When Hurricane Sandy struck in October of 2012, it felled a branch in my backyard that was the size of a formidable tree. My neighbor offered me a chainsaw. I declined, and purchased an eight-pound axe. My plan was to split the tree with my very own man muscles, plus a sharp edge, and burn it over the next winter in my wood-stove.
I removed the branches with a saw and heaped those in a pile. After a couple day’s work, I had a massive, branch-less trunk, still attached to its parent tree and positioned precariously over my fence. I tied a rope high on the branch and, with the help of my cousin, split it from the tree and simultaneously pulled the rope to avoid crushing the frail wood fence.
The next day, in the crispness of November, I took out my fresh axe and beat it against that trunk until my back was sore. I had made one cut through it after an hour of work, with multiple rests. As I admired the remaining length of tree, and wagged my head at the considerable girth of it, I began to wish I’d taken the chainsaw. I had plenty of wood to make it through the winter, and the next, and the one after, so it is now January 2014 and there it sits, with one cut through it.
Once, from the time of my earliest memories until 10th grade or so, my willpower was iron. Everything I started, I saw to the end. I was a fantastic student. I finished my first novel when I was 12. It was about a medieval general who was forsaken by his country, driving him into exile where he raised a band of brigands to harass the countryside. It ran 150 pages long, typed in Microsoft Word single spaced at point 12 Times New Roman font. I wrote my next novel when I was 14 for a school project-of-your-own-choosing, and that one ran over 50 pages with cover art supplied by my brother, and told of a brutal Spanish pirate who started his life as we all do: as an innocent child. Throughout that time, I also completed a full trilogy of fantasy novels about an orphan boy who turned thief, and then hero and savior of the planet.
My grades dropped midway through high school. I quit basketball. I finished nothing I wrote. After recently booting up the 1993 Compaq laptop I used to slug away on in those days, I was surprised to find a) that it still works, but more importantly b) over 100 word documents containing stories that had met early graves.
A wonder, I thought. When did I lose my ambition and thirst for life, and my willpower? Looking back now, I see that these things were lost when my childhood innocence and wonder were frightened off by the threats of adulthood. What will you actually do with your life? You had better find a passion that actually pays, because writing isn’t it. Are you sure you want to attend that college? You’ll be in debt for decades.
All legitimate concerns, which I heeded, and in doing so lost my passion. For nearly ten years of my life, I wrote nothing of consequence that I actually completed. Four of those years, I did not write a word of fiction, or anything that I wasn’t being instructed to write, for that matter. My mind dulled. My passion was gone. And worst of all, my willpower vanished.

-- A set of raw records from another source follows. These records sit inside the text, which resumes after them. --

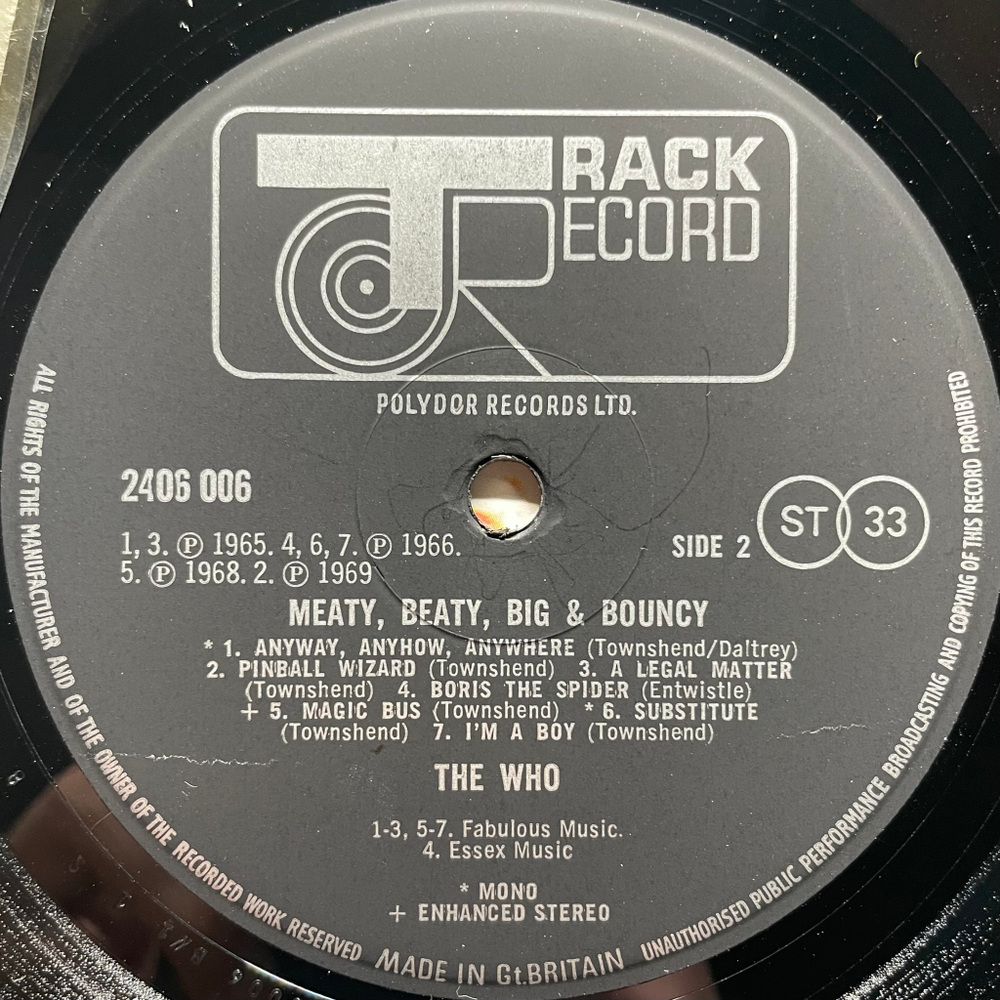 The Who ‎– Meaty, Beaty, Big & Bouncy (Англия 1971г.)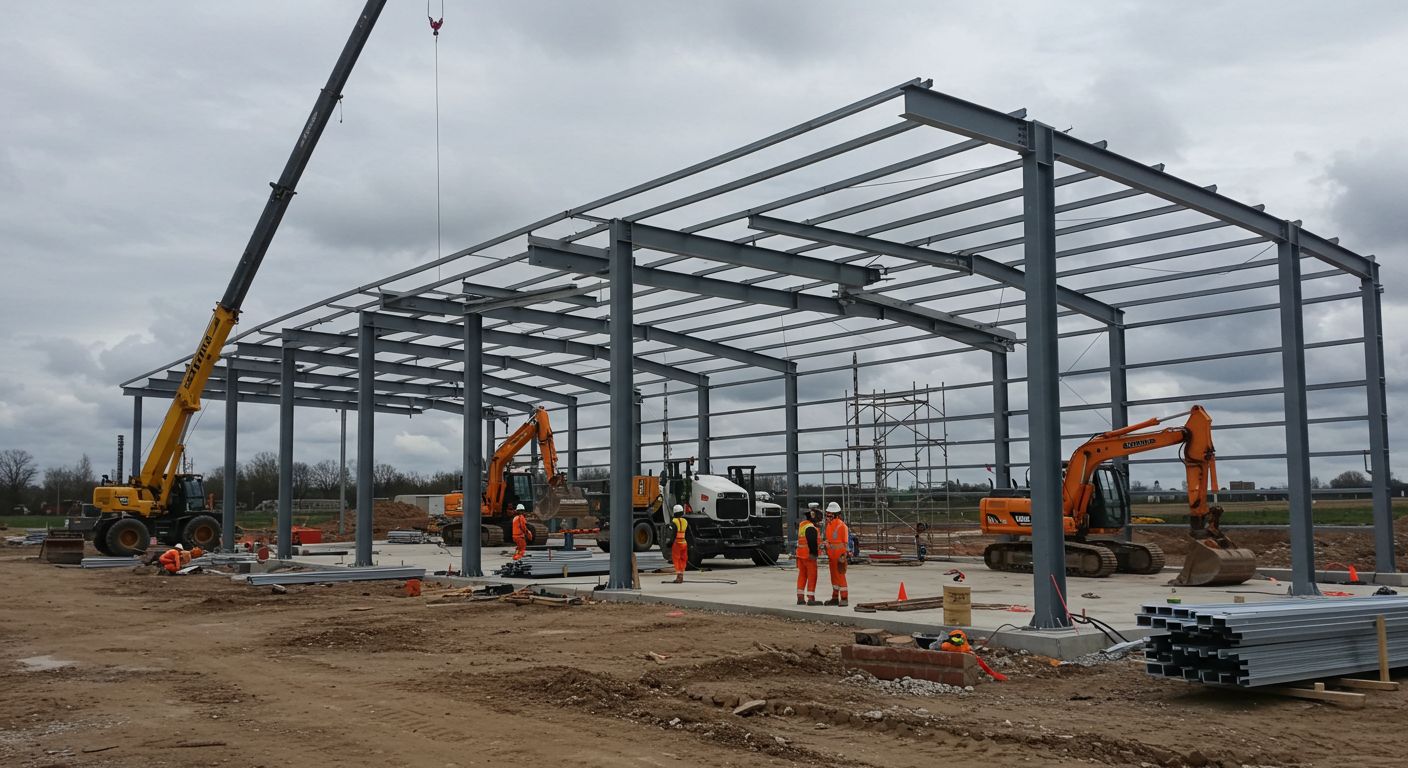 Металлические ангары для хранения транспорта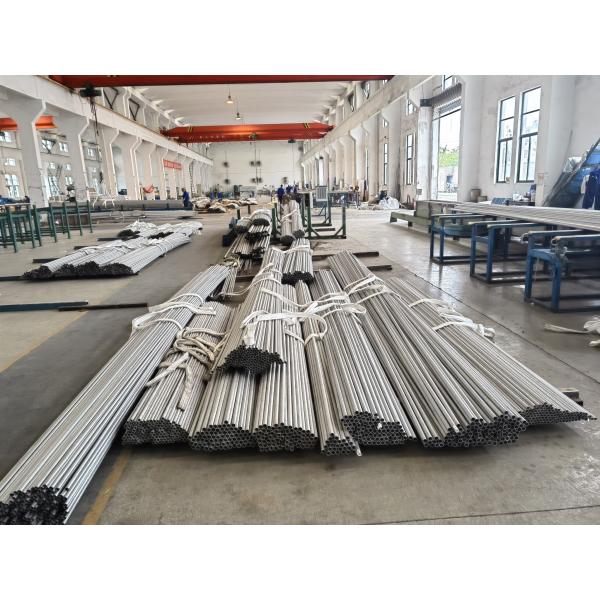 SGS 304 Stainless Steel Tubing Polished 201 JIS A789 Stainless Steel Round Tube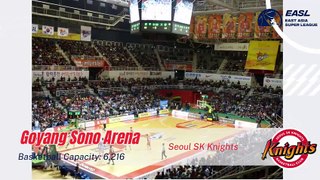 EASL East Asia Super League: Basketball Arenas 2023/2024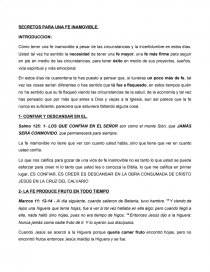 SECRETOS PARA UNA FE INAMOVIBLE. Página 1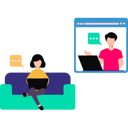 پیش‌نمایش فایل girl-talking-to-boy-on-laptop-8589239 از پک ارتباطات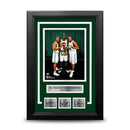 Ray Allen, Kevin Garnett, & Paul Pierce Boston Celtics 8x10 Framed Photo with Engraved Autographs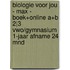 Biologie voor jou - MAX - boek+online A+B 2|3 vwo/gymnasium 1-jaar afname 24 mnd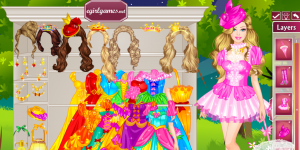 Spiel - Barbies Castle Dress Up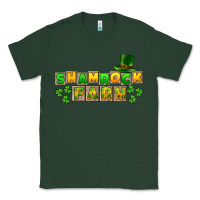 Sports Green St. Patrick's Shamrock farm Classic Tee - CowGirlArtShop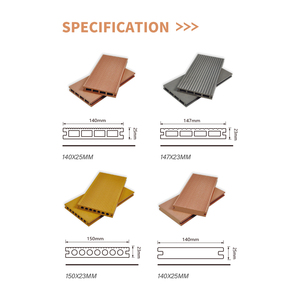 Hot bán WPC decking Tất cả thời tiết không thấm nước composite boong cho ngoài trời WPC sàn ngoài trời Composite decking - Product Image 4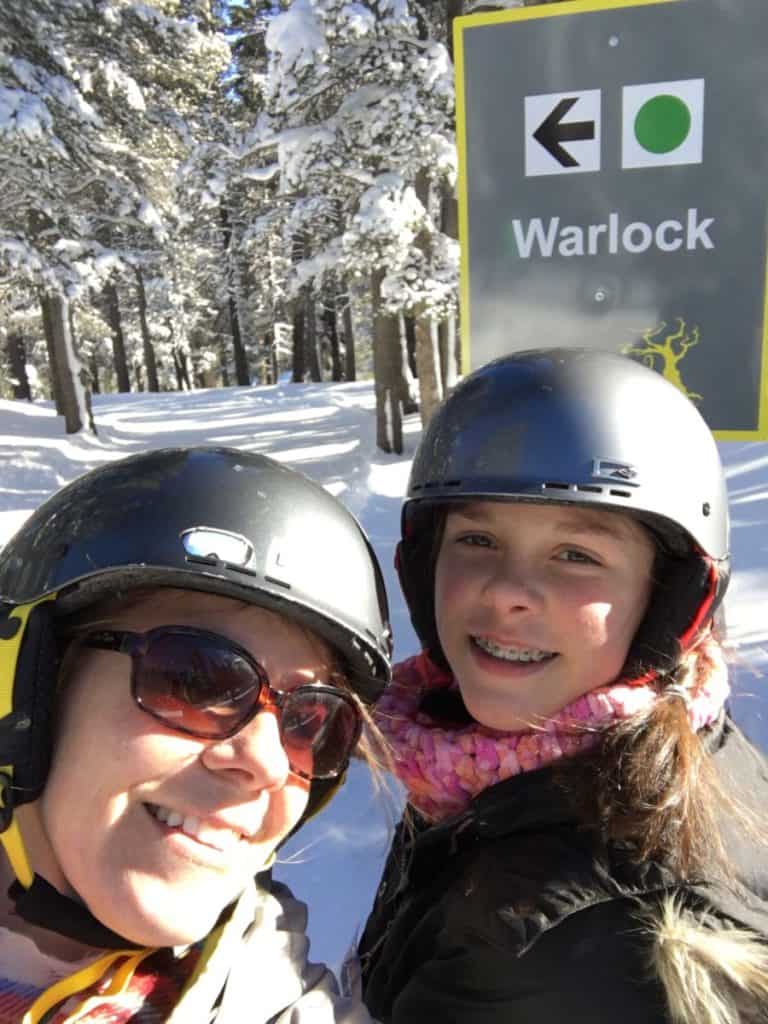 My 13-year-old loves the new green runs in the Enchanted Forest. Mt. Rose Ski Tahoe, carful of kids, family-friendly ski resorts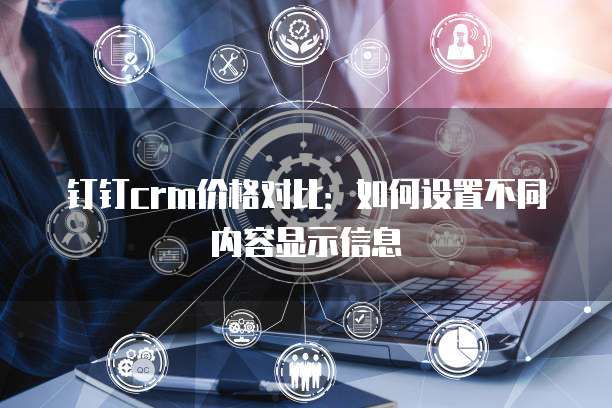 钉钉crm价格对比:如何设置不同内容显示信息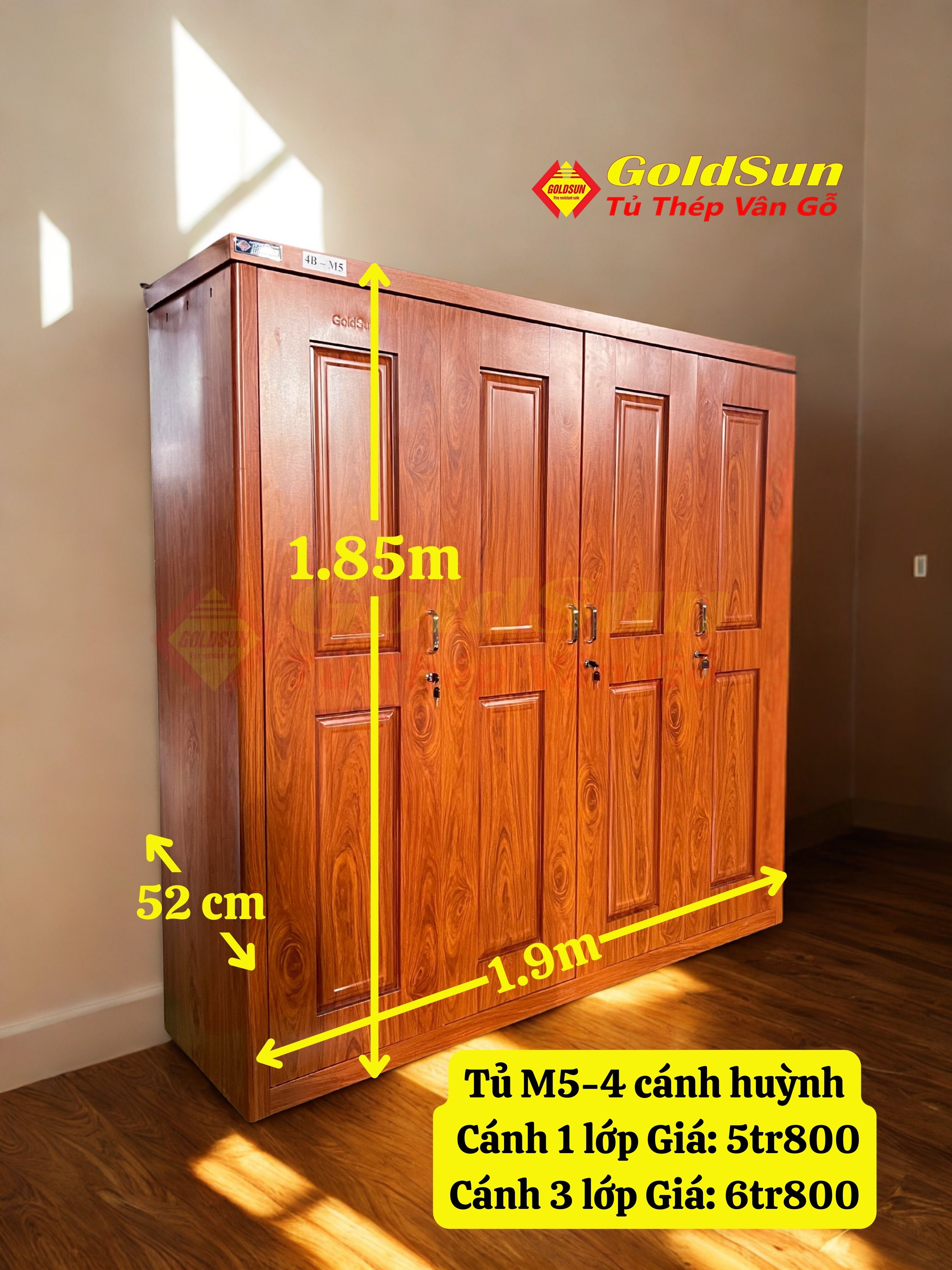 Tủ M5-4 Cánh Huỳnh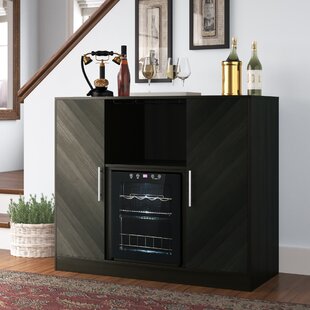 Black bar cabinet with fridge new arrivals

Around my neighborhood after the hurricane, I saw bigger trees that had fallen, pinning down power lines and uprooting sidewalks. Leaves and branches and debris littered the roads. Chainsaws roared. Pools of water, still standing in the streets and parking lots from heavy rain, were placid and shining with oil.
In two weeks, it was all gone, removed.
I dug out my old 150 page novel and laughed at the simple language. I simply hadn’t given a shit about form, style, length, or anything else when I wrote. I wrote a story that I wanted to write, and called it a day. I decided then that I wanted to be a do-er, like I had once been without even trying. It was once a part of me, as much as my flesh, hair, and eyes. I simply did not know how to not accomplish goals. The cynic in me was not yet alive then, was not there to tell my stories they would never get published, or that I had better find a real job.
I wanted then to vanquish this cynic. There were going to be a lot of bad habits, over a decade’s worth, that would need breaking. A lot of stagnancy that would need to be replaced with activity. I wanted to do something for myself that would produce tangible results.
In January of 2013, I got a YMCA gym membership and hit the weights thrice weekly, sometimes more. In 2013 I went from 170 lbs to 195 lbs. In May I started this blog and built a modest readership. This year I’ve started a novel, while improving my physical fitness and the blog.
Achieving goals sometimes seems beyond our grasp. That is because we have lost the mindset required for embarking on such endeavors. Reaching your goal is like building a road through a dense forest. You cannot simply go in with your eight-pound axe and start smacking away at the bark. You must devise a plan, and pursue it with tempered diligence.
Write a a thousand words of your novel every day. Even if you cannot write, write. Even if you are fresh out of energy and stolen of ideas, write. A path must first be cleared through the forest before the ground can be leveled, and before the road can be laid. Just get to the other side, and take a breather when you do. Then go back and pull out the roots and level the Earth, and when you are finished, take pride in your work. Then choose your cobblestones and lay them proudly, too. Make them fit as perfectly as they can.
You only have the rest of your life to carve your road. The time to plot your course came and went yesterday while you slept, and the same will be said of yesterday when tomorrow comes. The monster standing between you and your dreams is really only an ugly version of yourself. Kill it.